— DIRECTIONS FOR THIS TASK —
Your answer should be the full data, transcribed exactly, with no pictures in it.

— COLLECTED MATERIAL —
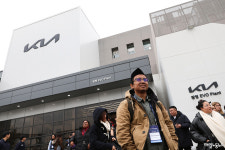 [2025 국제노동페스타-ILFesta2025] 사람이 만드는 자동화 전기차? 세계 청년들, 소하리를 가다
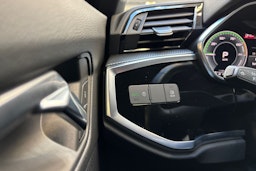 punainen Audi Q3 2022 kuva 14.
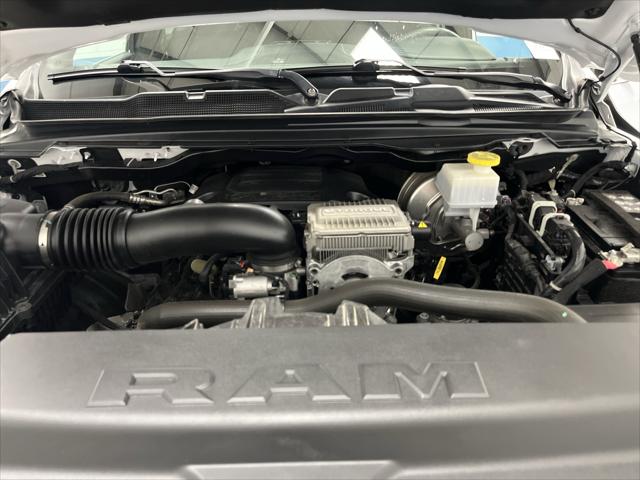 2023 Ram 1500 Limited Crew Cab 4x4 57 Box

— RESULT —
 [2025 국제노동페스타-ILFesta2025] 사람이 만드는 자동화 전기차? 세계 청년들, 소하리를 가다
 punainen Audi Q3 2022 kuva 14.
 2023 Ram 1500 Limited Crew Cab 4x4 57 Box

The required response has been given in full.